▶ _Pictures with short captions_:

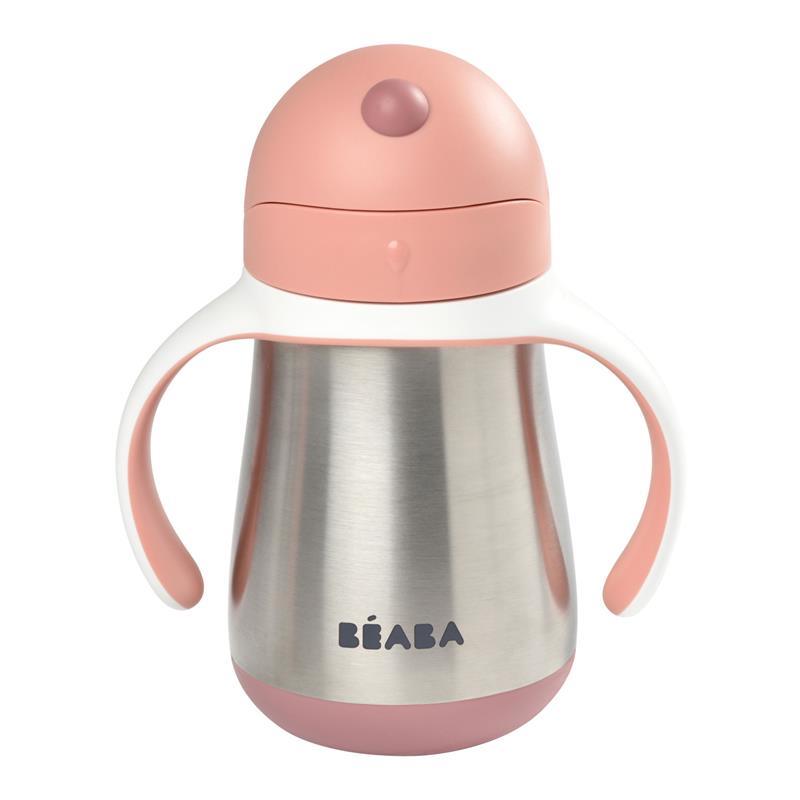 Beaba - Stainless Steel Straw Sippy Cup, Rose Image 3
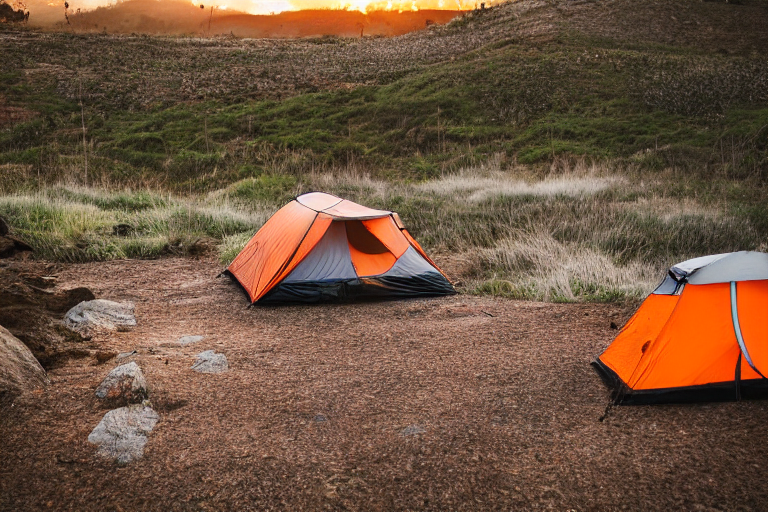 A gray and orange Subaru rests beside a cozy campfire on a grassy beach campsite. Snowy weather, a rooftop tent, hikers, and a mountain backdrop create a peaceful sunset scene.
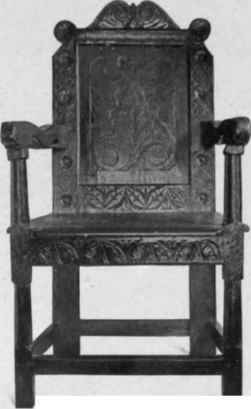 Carved Oak Wainscot Chair, about 1650.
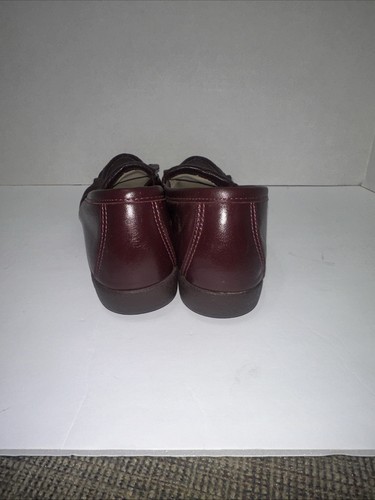 Women's 10.5 SAS Softie Tassel Kiltie Burgundy Leather Shoes Loafers Slip-On - Picture 8 of 10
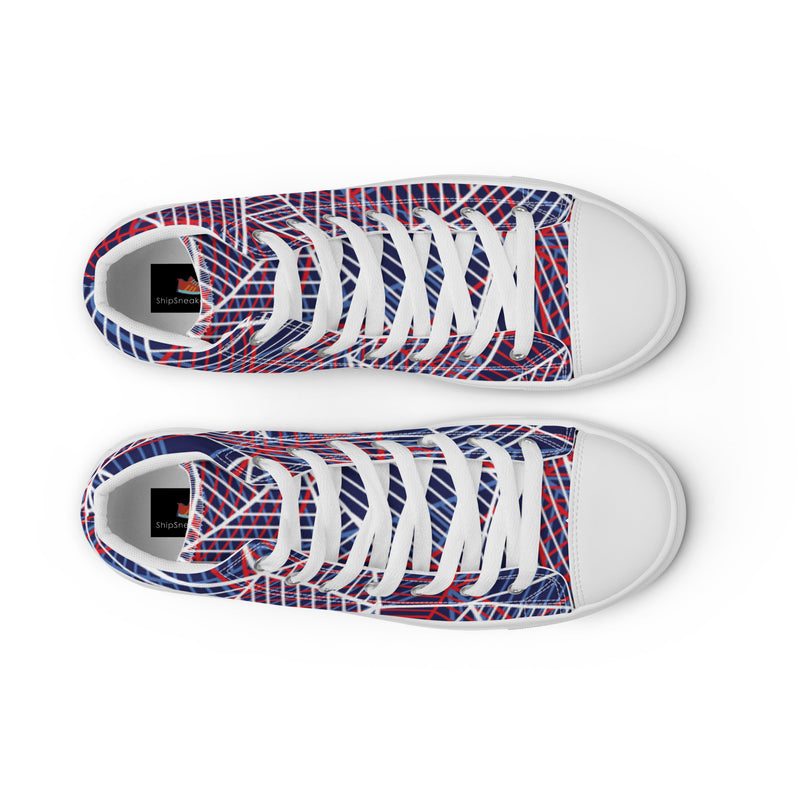 Pink Geometric High Top #15 - Lifestyle Shot | HA!LO Canvas Sneakers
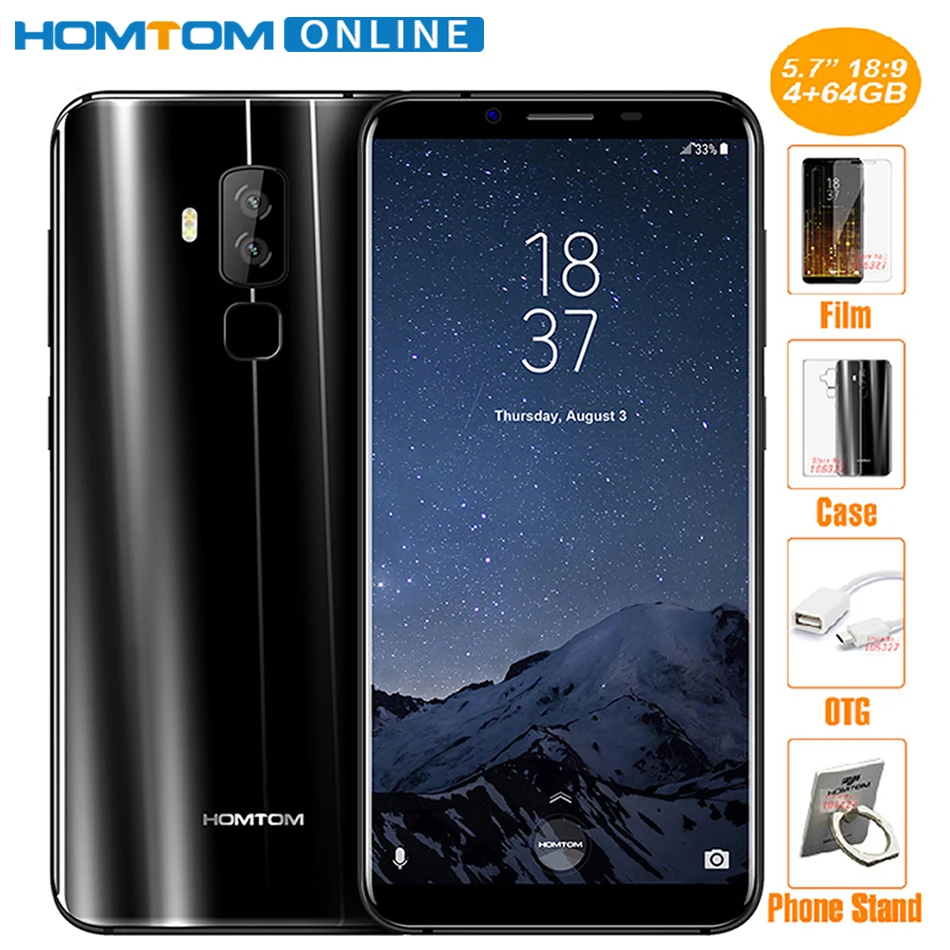 HOMTOM S8 5 7 дюймов HD 18:9 Смартфон Android 0 16MP + 5MP двойная камера мобильный телефон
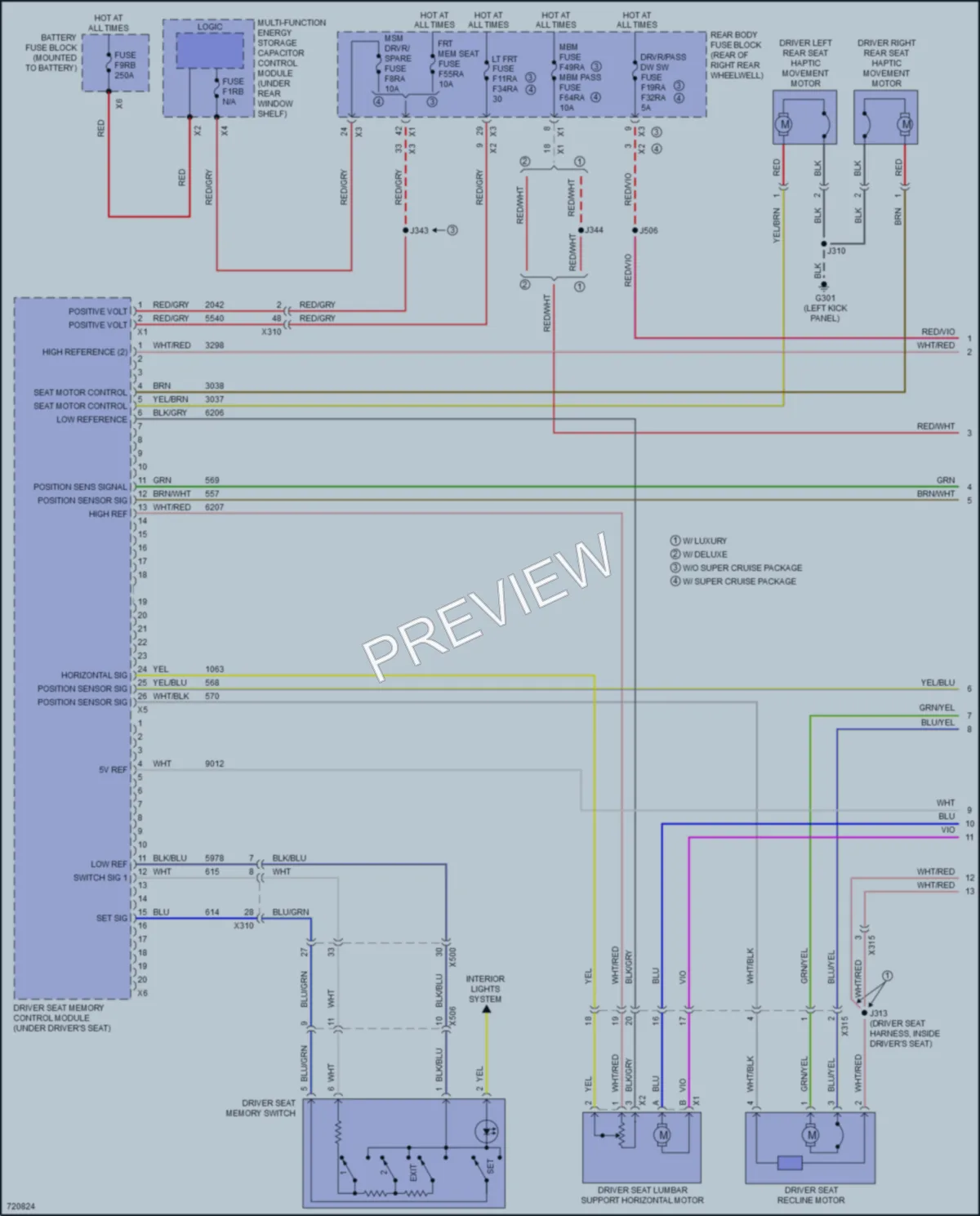 2020 Cadillac CT6 Memory Systems wiring diagram preview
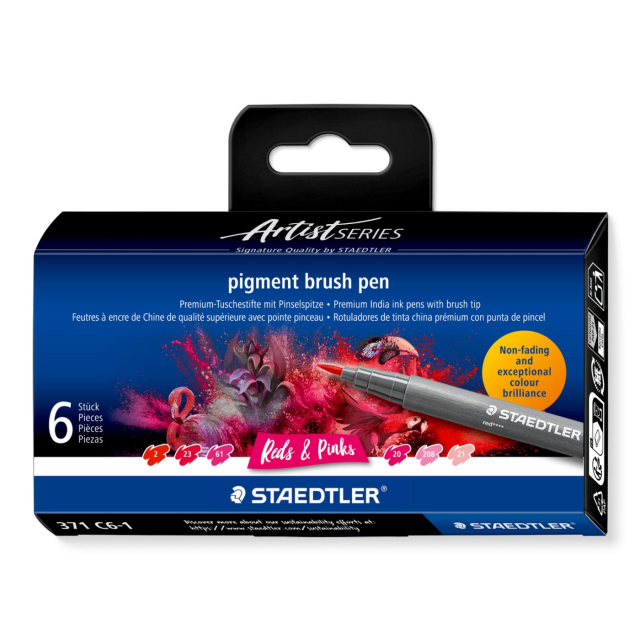 Pigment Arts Brush Pen 6-sett Red/Pink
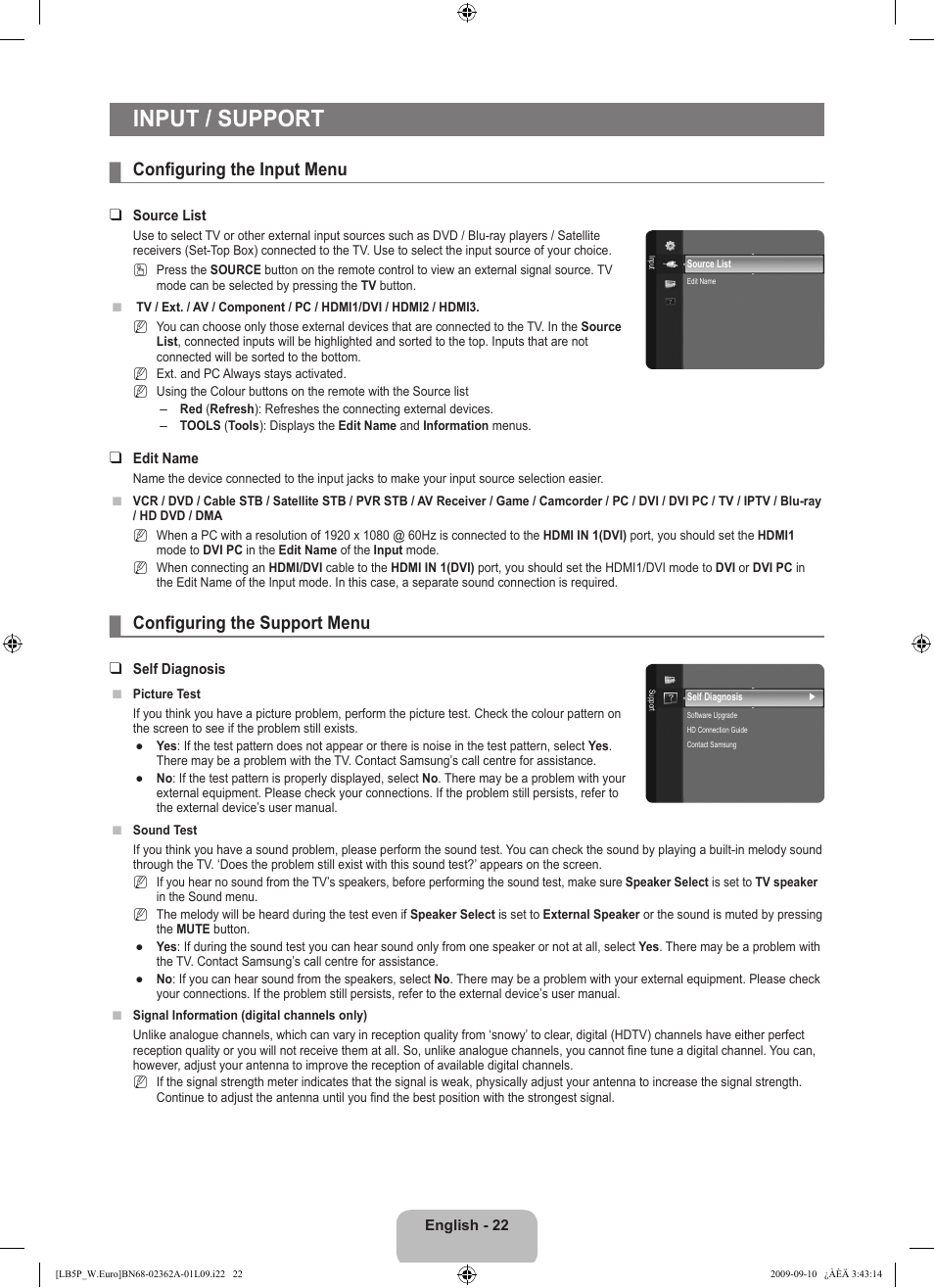 Input / support, Configuring the input menu, Configuring the support menu | Samsung LE46B530P7W User Manual | Page 24 / 336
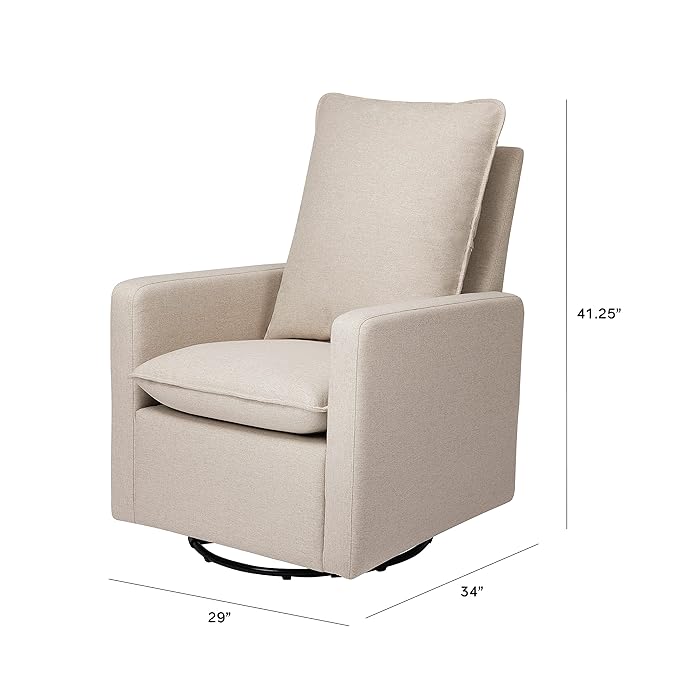 Babyletto Cali Pillowback Swivel Glider in Performance Beach Eco-Weave, Water Repellent & Stain Resistant, Greenguard Gold and CertiPUR-US Certified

▶ _TASK REQUIREMENTS_: Pictures stay out. Repeat only the lines from the beginning of the data through the line that has "Pink Geometric High".

▶ _RESULT OF THE TASK_:
 Beaba - Stainless Steel Straw Sippy Cup, Rose Image 3
 A gray and orange Subaru rests beside a cozy campfire on a grassy beach campsite. Snowy weather, a rooftop tent, hikers, and a mountain backdrop create a peaceful sunset scene.
 Carved Oak Wainscot Chair, about 1650.
 Women's 10.5 SAS Softie Tassel Kiltie Burgundy Leather Shoes Loafers Slip-On - Picture 8 of 10
 Pink Geometric High Top #15 - Lifestyle Shot | HA!LO Canvas Sneakers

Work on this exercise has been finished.